Support Questions

Find answers, ask questions, and share your expertise
Announcements
Celebrating as our community reaches 100,000 members! Thank you!

Need help to revert back some changes i made through CM for level 1 tls

avatar
New Contributor

Hi All,

 

I am new to cdh and was trying to implement Kerberos in my cluster.

As a pre-requisite for installing kerberos, i had to implement Level 1 TLS (min) on my cluster.

So i started with the steps that are provided here: https://www.cloudera.com/documentation/enterprise/5-6-x/topics/cm_sg_config_tls_encr.html#topic_2.

I had completed all the steps and restarted cloudera-scm-agents in all the hosts and cloudera-scm-server in my NN.

But my cloudera-scm-server stops automatically after few secs.

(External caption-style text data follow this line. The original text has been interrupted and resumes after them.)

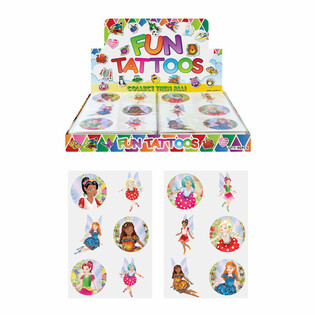 ファンタトゥー - 妖精ディスプレイ (96枚)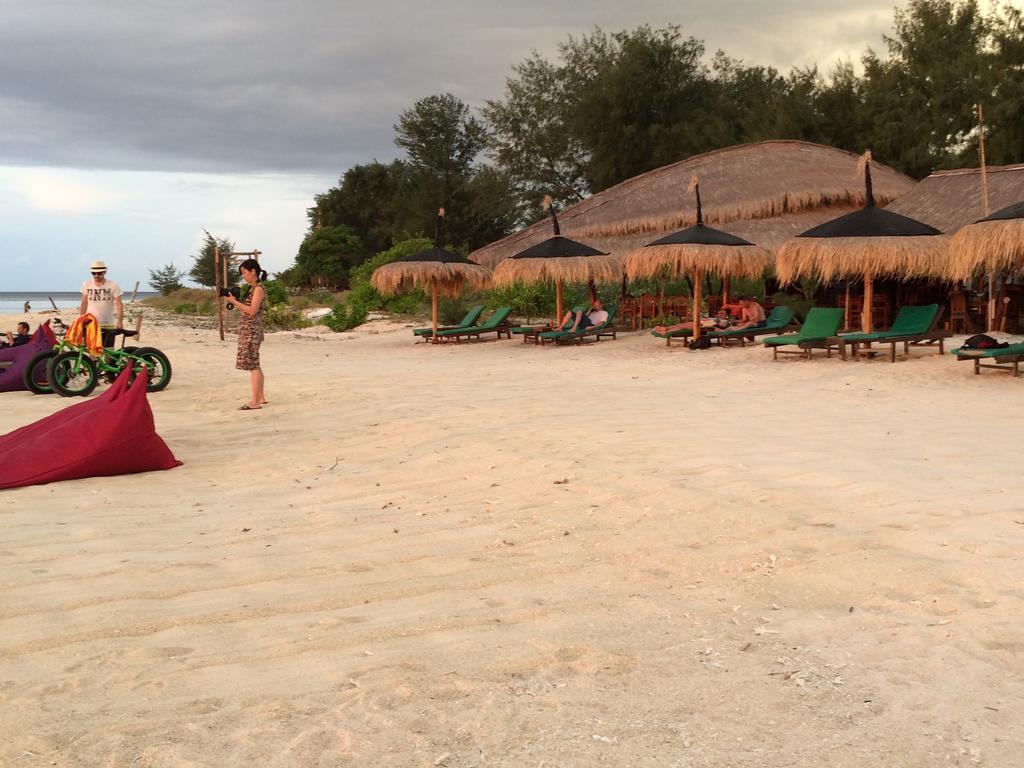 Hotel Balenta Bungalow Gili Meno Exteriér fotografie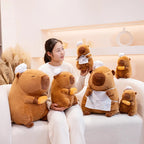 Chef Kapi — Your Cute Capybara Plushie My Store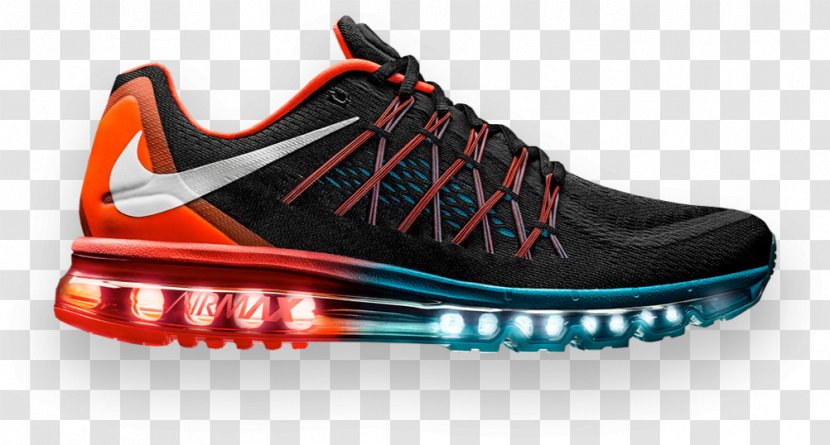 Sneakers Nike Air Max Shoe Jordan - Electric Blue Transparent PNG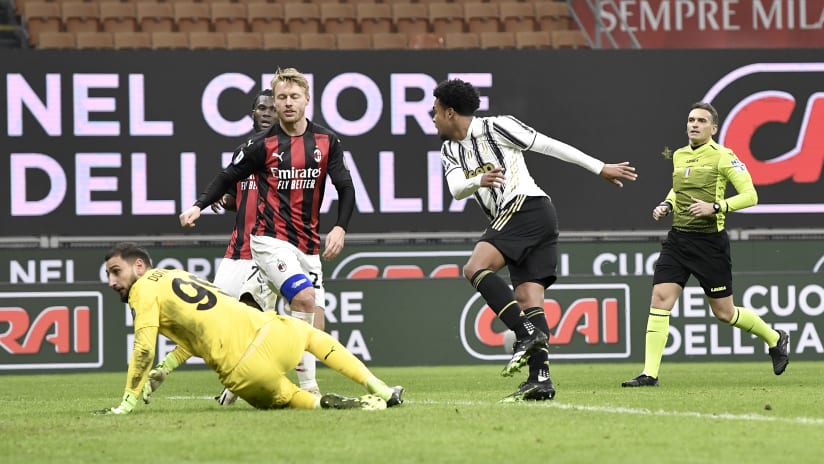 Milan Juve McKennie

I tried to revert back the changes but other than changing 'use_tls', i am unable to change Use TLS Encryption for Agents property which i changed through CM.

Due this my cluster as well as 7180 port doesn't start.

1) Can anybody let me know where exactly this property is located so that i can change it back through the command line?

    - Also, is this the right approach?

2) Can i now complete the pre-requisites and then try to start my cluster?

    - I saw that i have to use CM to enable HTTps Enable HTTPS for the Cloudera Manager Admin Console and Specify Server Keystore Properties for which i need to have CM, but since i am unable to start CM, what is the resolution.

3) Is reimaging the machines, the final option.

 

Also, can somebody explain the concept of having self signed in certificates and what is the need of certificates for availing security in CDH.

 

Thanks in advance!!!

 

Please help.

1 ACCEPTED SOLUTION

avatar
New Contributor

I changed the value to FALSE for agent_tls (was inside the config tables) in the postgre sql database and restared the cloudera-server.

It seems by enabling the use tls autentication for agents changed the value in the database.

 

The issue was fixed without any re-imaging.

View solution in original post

1 REPLY 1

avatar
New Contributor

I changed the value to FALSE for agent_tls (was inside the config tables) in the postgre sql database and restared the cloudera-server.

It seems by enabling the use tls autentication for agents changed the value in the database.

 

The issue was fixed without any re-imaging.